*PROBLEM TO SOLVE:* In the listing below, find the line with "A bush (or vine?)" and copy every line from there up to and including the line with "Chunky Hollow Hoop Earrings", exactly and without pictures.

*MATERIAL TO PROCESS:*
• • • •

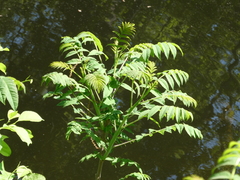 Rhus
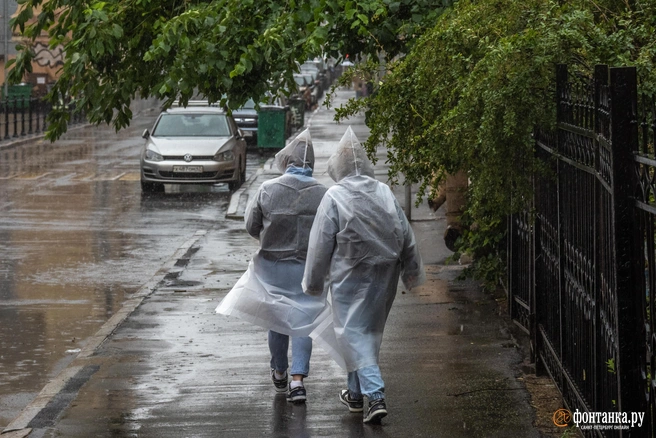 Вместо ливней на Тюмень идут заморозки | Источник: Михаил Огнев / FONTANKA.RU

• • • •

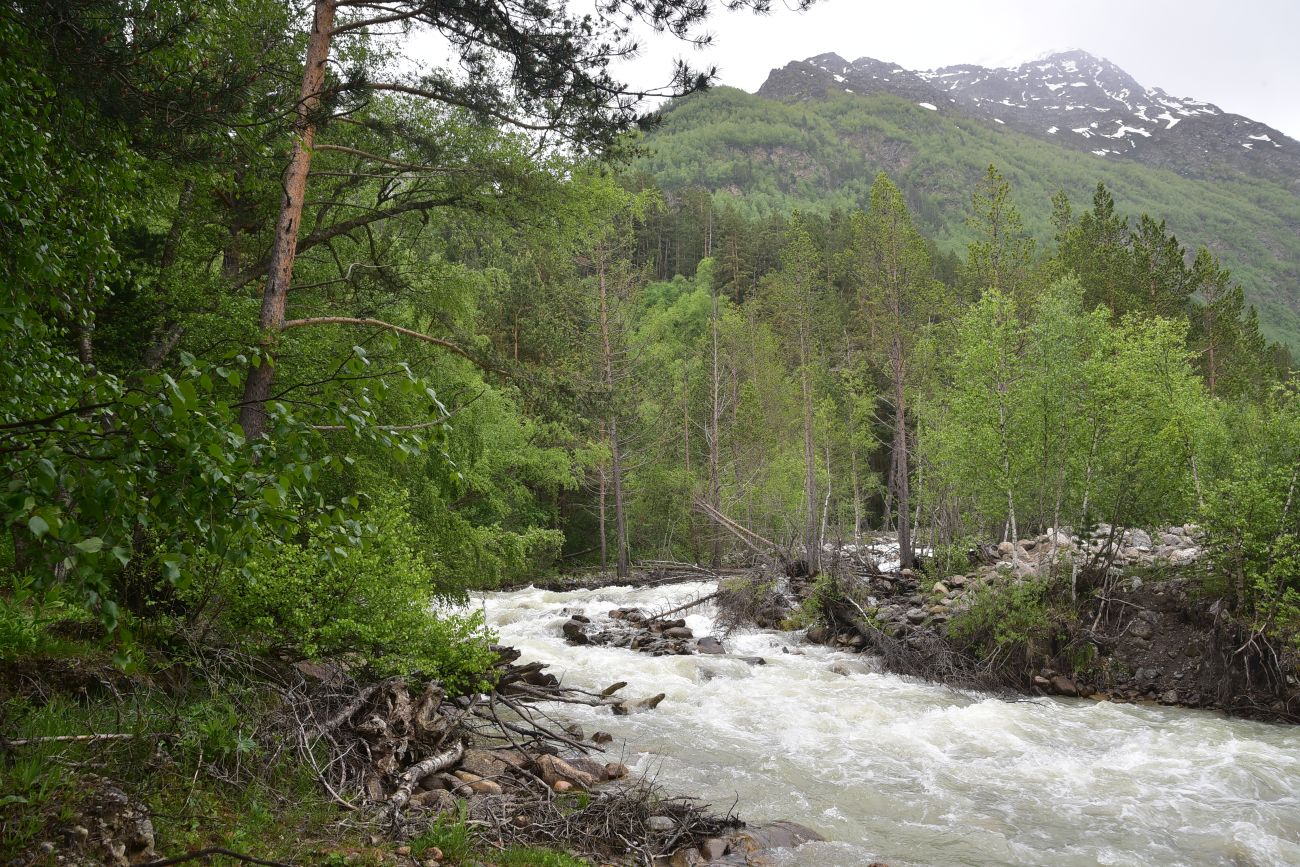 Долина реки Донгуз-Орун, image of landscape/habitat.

• • • •

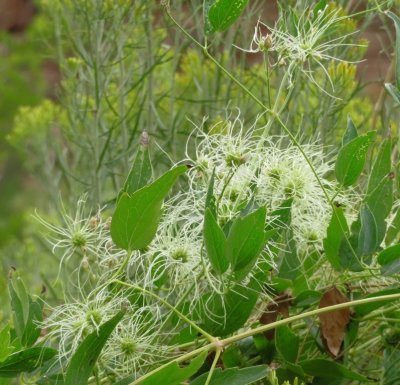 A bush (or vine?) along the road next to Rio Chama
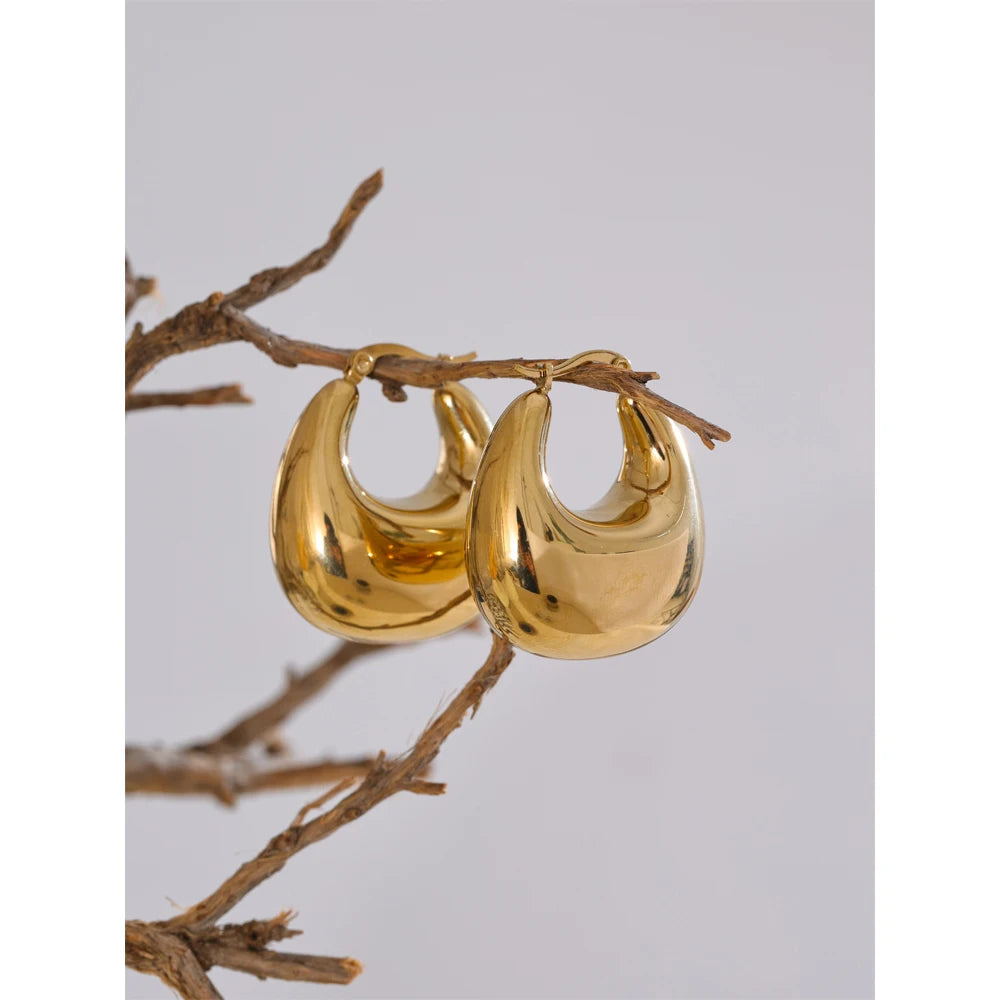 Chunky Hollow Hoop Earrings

• • • •

*OUTPUT:*
 A bush (or vine?) along the road next to Rio Chama
 Chunky Hollow Hoop Earrings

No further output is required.